PORTLAND, Ore. (AP) — A federal judge found Friday that tweets by President Donald Trump helped incite improper conduct by federal officers responding to racial justice demonstrations in Portland, and directed both sides in a lawsuit to determine “rules of engagement” for officers acting outside a U.S. courthouse.
U.S. District Judge Michael W. Mosman granted a preliminary injunction on a First Amendment claim in the case against the U.S. Department of Homeland Security filed by two state lawmakers, the Portland-based Western States Center, a church and a legal observer, The Oregonian/OregonLive reported.
However, Mosman rejected their claim that the federal officers violated the 10th Amendment’s separation of powers.

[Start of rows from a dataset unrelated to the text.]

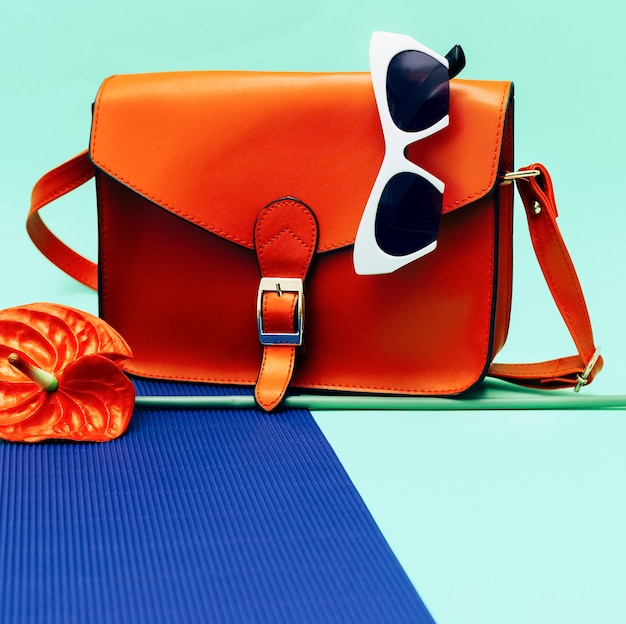Photo stylish ladies sunglasses & handbag. focus on trend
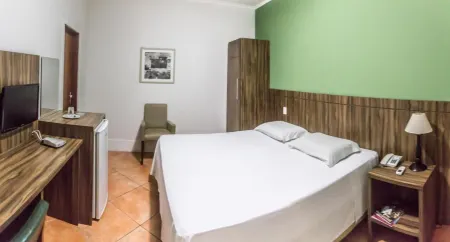 Samambaia Executive Hotel Отели в г. Taubate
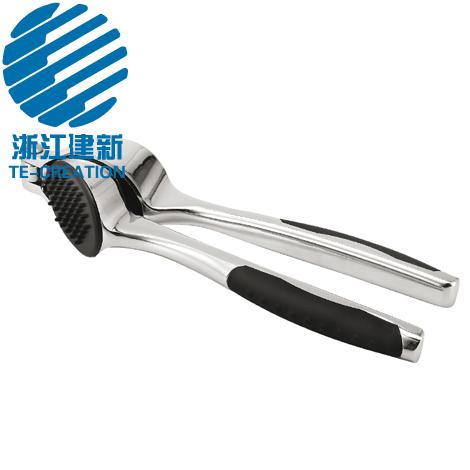 TC-K136  Multifunctional Zinc Alloy Garlic Press, Walnut Cracker Tool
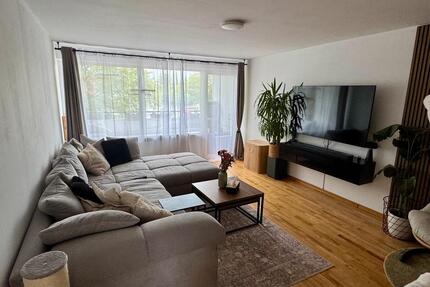 Großzügige 2,5-Zimmer-Wohnung mit Westbalkon & EBK - Regensburg Das Dörnberg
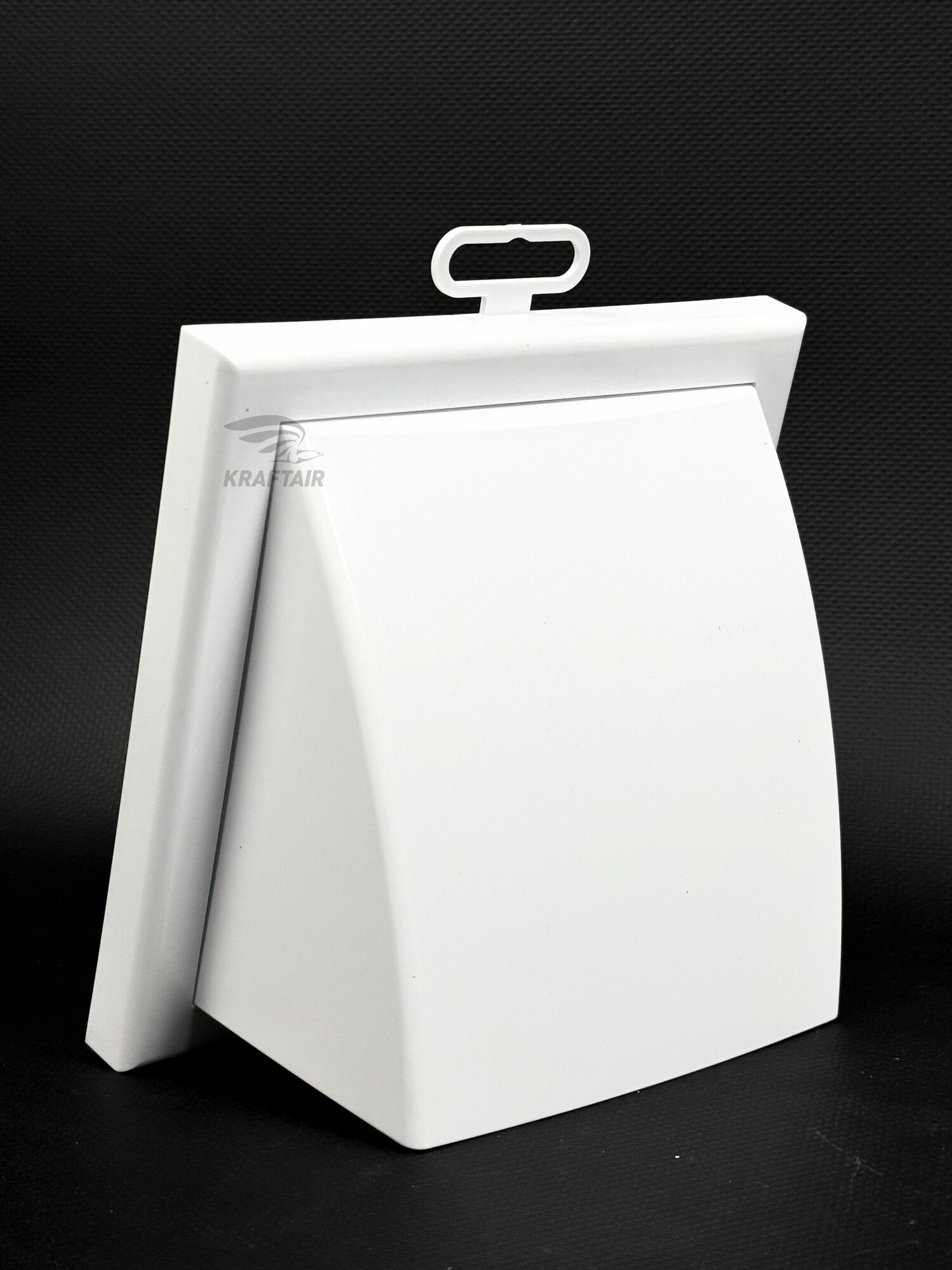 Выход стеновой 155х155 мм с обратным клапаном и фланцем D100/125 мм, белая из ABS пластика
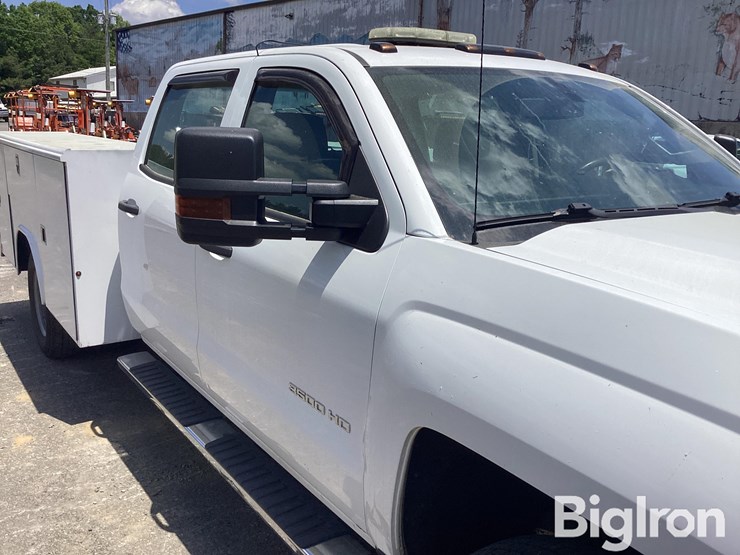 2018-chevrolet-silverado-3500-image-15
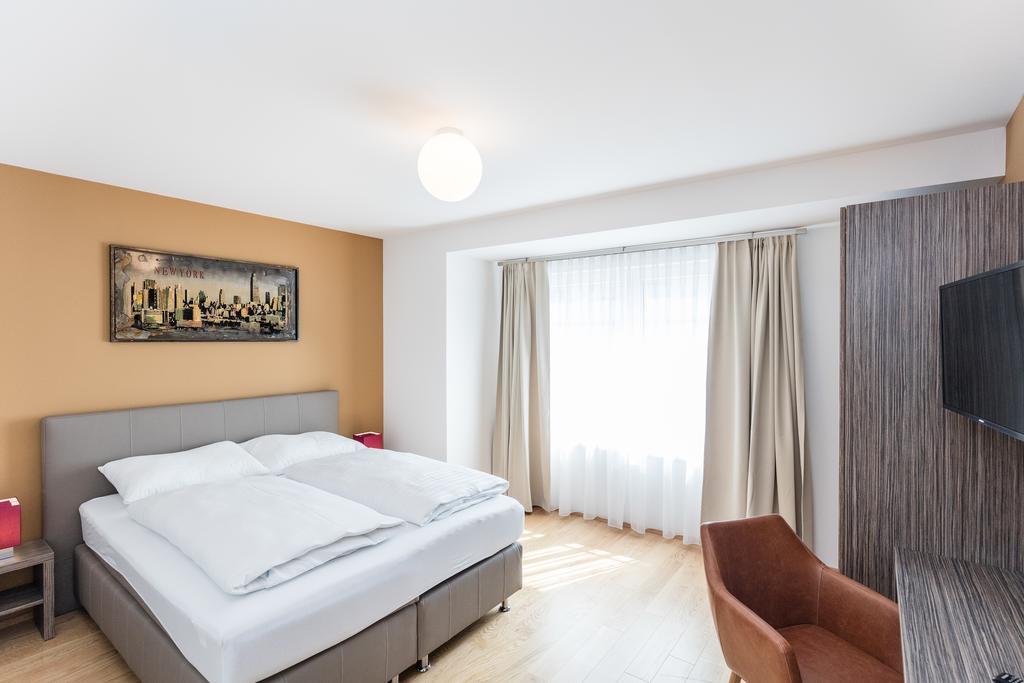 Tabor 1020 Viena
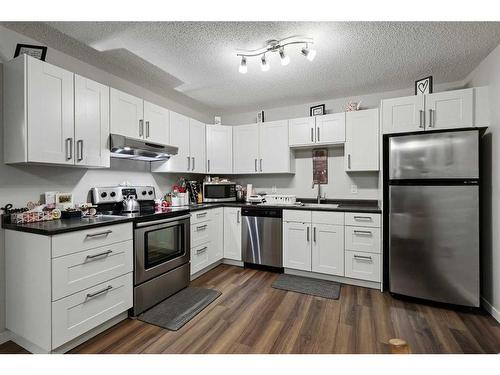 2224 Brightoncrest Green Se, Calgary, AB - Indoor Photo Showing Kitchen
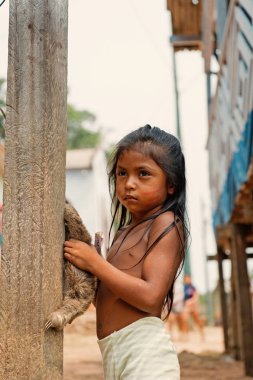 Tembellik köyde satan kız çocuk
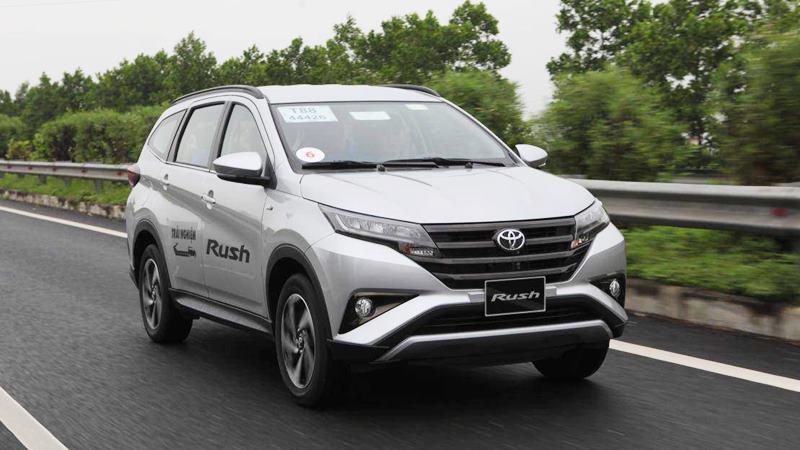 Toyota Rush được nâng cấp màn hình lớn, đấu Mitsubishi Xpander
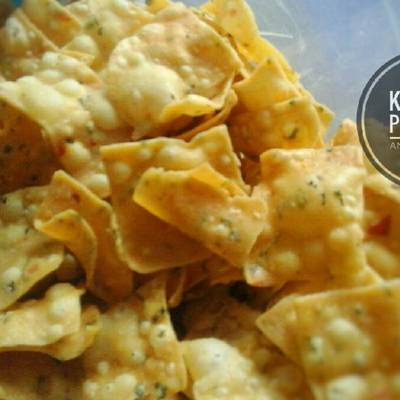 

pangsit bawang /pangsit seledri rasa kres renyah gurih (packing kardus)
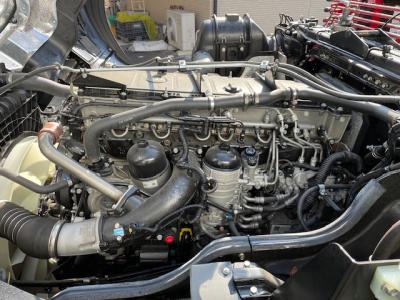 R6　三菱　クレーン付セーフティー
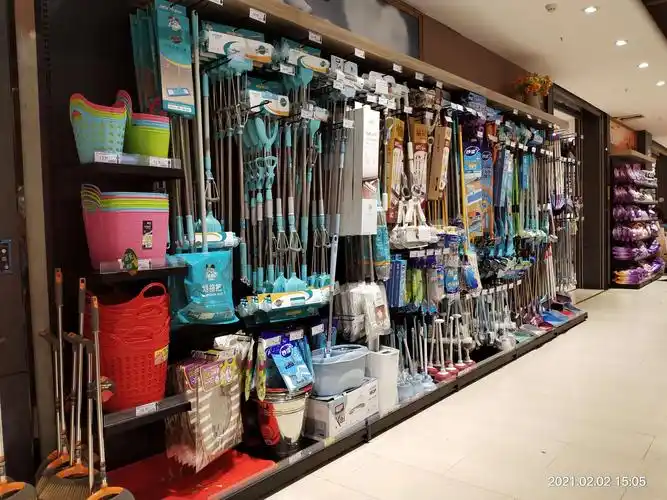 崇阳万兴佳亿针棉日杂陈列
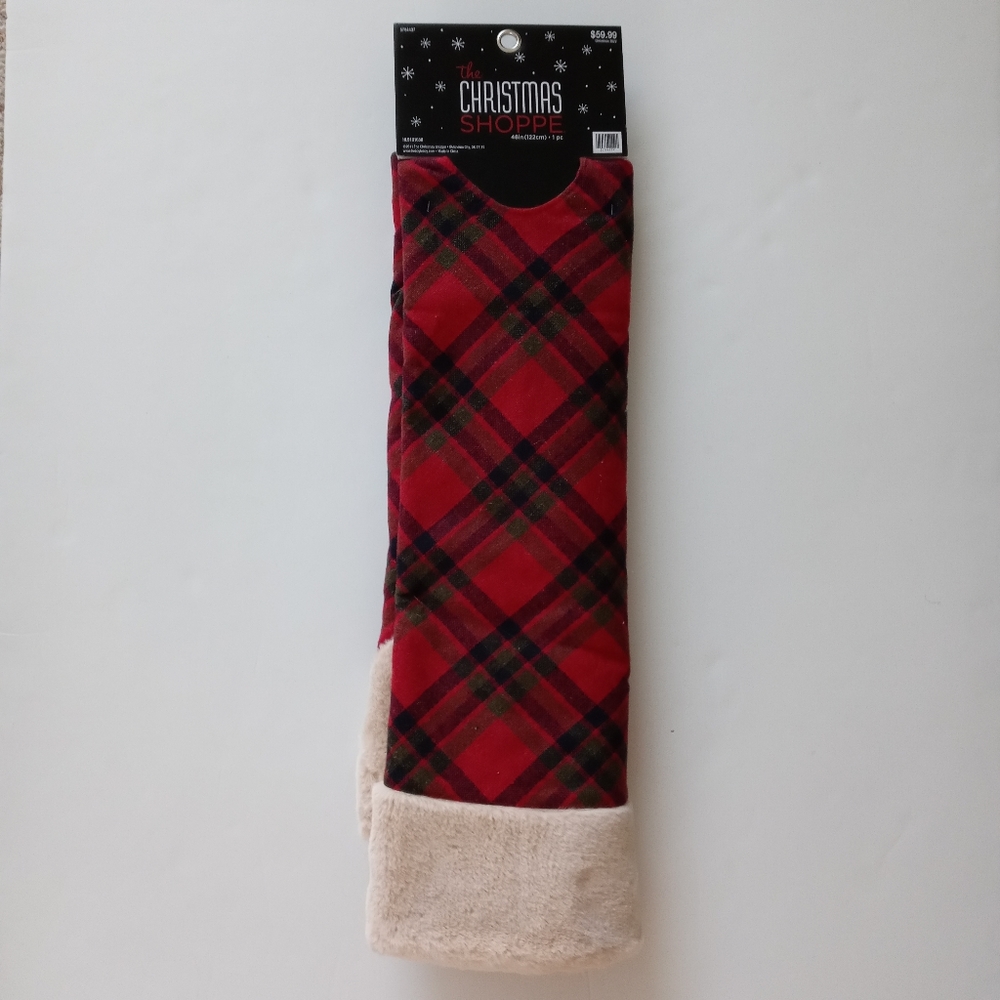The Christmas Shoppe Tree Skirt Plaid Fur 48"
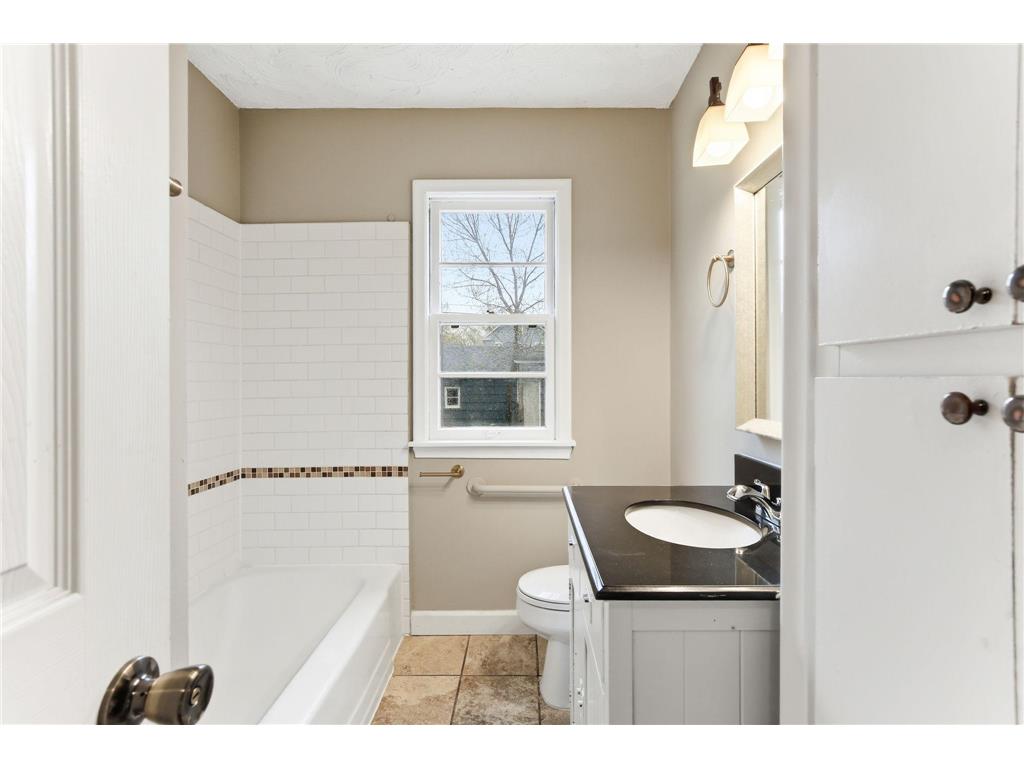 4942 Penn Avenue N Minneapolis MN 55430 7035079 image15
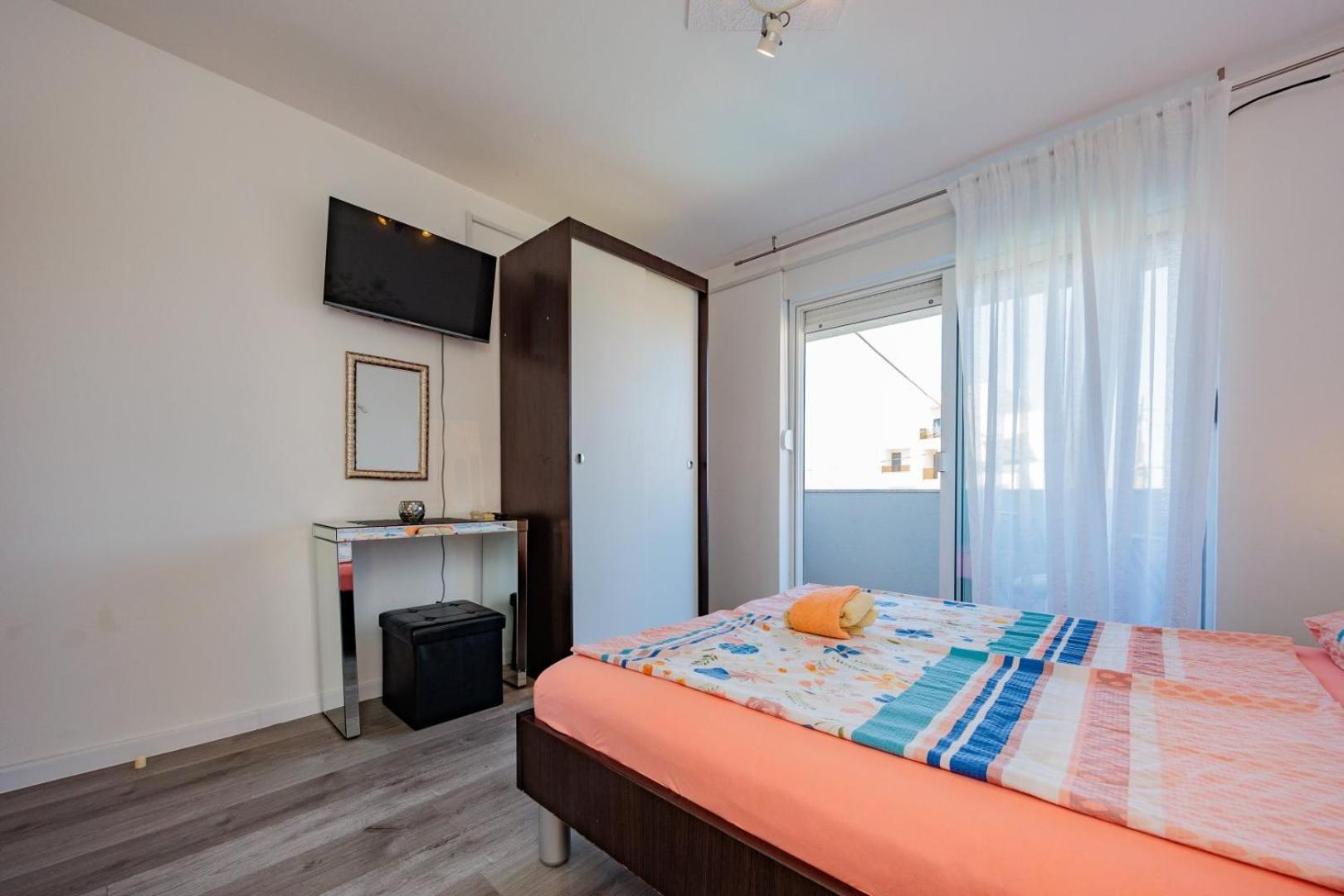 Crowonder Lucky Holiday House With Pool And Patio 30 Meters From The Beach Ζαντάρ Εξωτερικό φωτογραφία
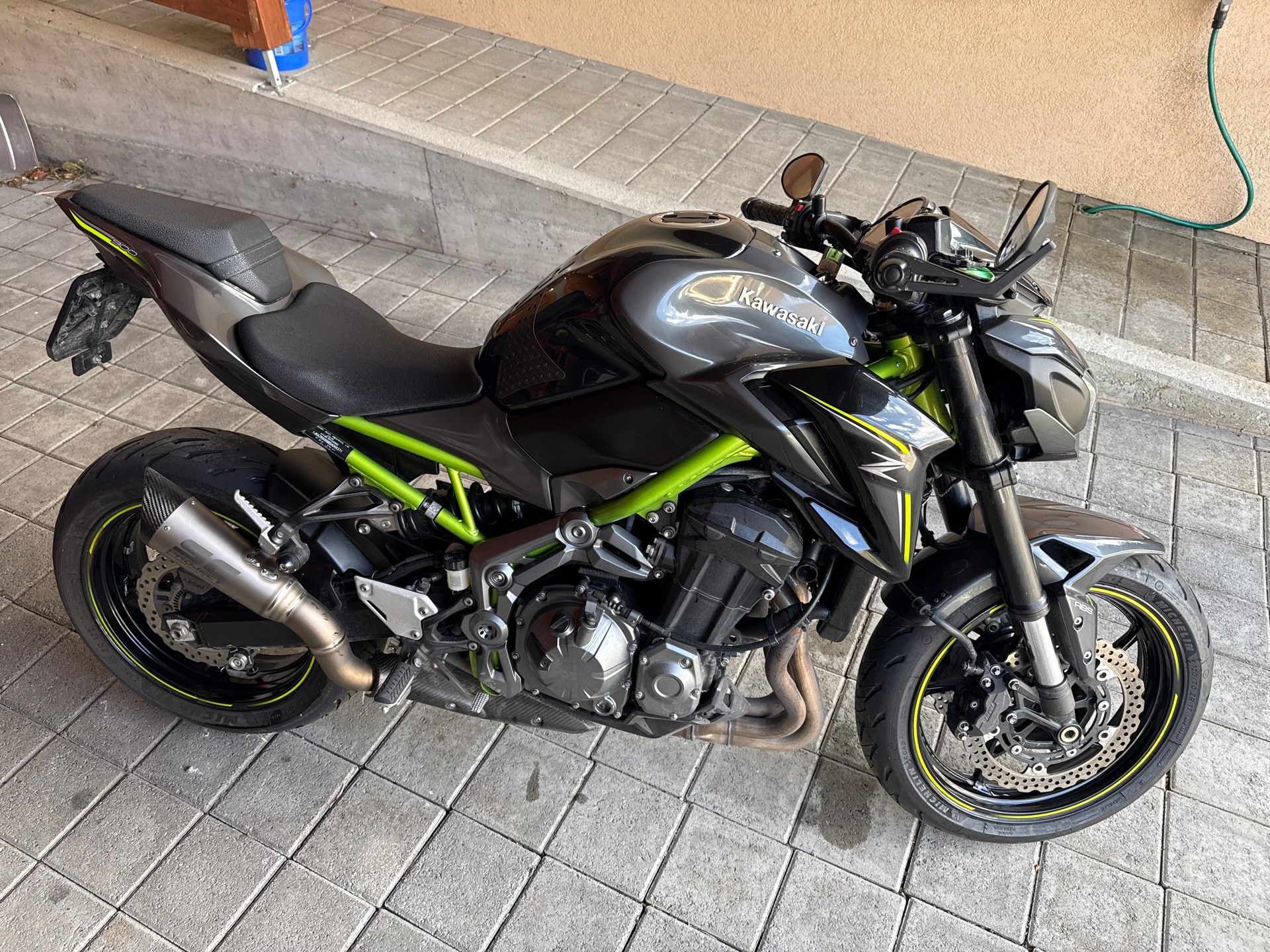KAWASAKI Z 900-image-1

He directed the parties to agree on the “contours” of the injunction, asking them to provide him with their best proposals within hours Friday because he wants a deal reached before Election Day, when mass protests are expected.
Mosman suggested the rules of engagement broadly curb any “violent or aggressive law enforcement activity against entirely peaceful protesters” and explore setting a perimeter for enforcement by federal officers outside the downtown Mark O. Hatfield United States Courthouse.
The judge said the rules might include prohibiting direct tear gassing or pepper spraying of nonviolent protesters and avoiding knocking down nonviolent protesters or chasing those who are separate from violent agitators. He said the officers also must have probable cause to arrest people.